Elle a rappelé que la priorité avait été donnée aux zones agricoles, avec une augmentation du nombre d’hectares ; une réduction générale des zones d’extension à l’urbanisation ainsi que des droits à construire en zones de frange (densification à 10% des zones urbaines de Marseille) ou encore un renforcement du pourcentage de pleine terre sur 8700 hectares à Marseille, soit 64% de la zone urbaine marseillaise.

Quant à l’étalement urbain, « il se fait en fonction d’une logique urbanisme-transports ». Pour répondre aux critiques sur les équipements publics, elle a choisi d’évoquer le cas de la nouvelle école Ruffi*. Laure-Agnès Caradec a déclaré que cet établissement accueillera 254 élèves des écoles actuelles environnantes et du parc habité qui comptent 25% de logements sociaux.

Le PLUI adopté, après le contrôle de légalité de la part de l’Etat et les ultimes mesures de publicité réglementaires, le PLUi sera opposable et rendu public, fin janvier 2020 « car c’est un document vivant ».
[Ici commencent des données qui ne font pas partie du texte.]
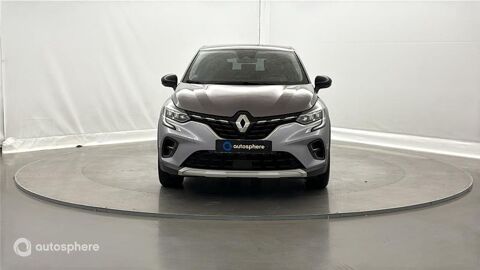 Captur 1.6 E-Tech hybride 145ch Techno 2023 occasion 51100 Reims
*La contestation s’était élevée contre une délibération du conseil municipal du 25 novembre dernier sur la sectorisation des écoles, indiquant que les élèves du quartier devront rester dans leurs préfabriqués, alors qu’un nouvel établissement ouvrira ses portes à la rentrée prochaine, à seulement quelques centaines de mètres de leur école. 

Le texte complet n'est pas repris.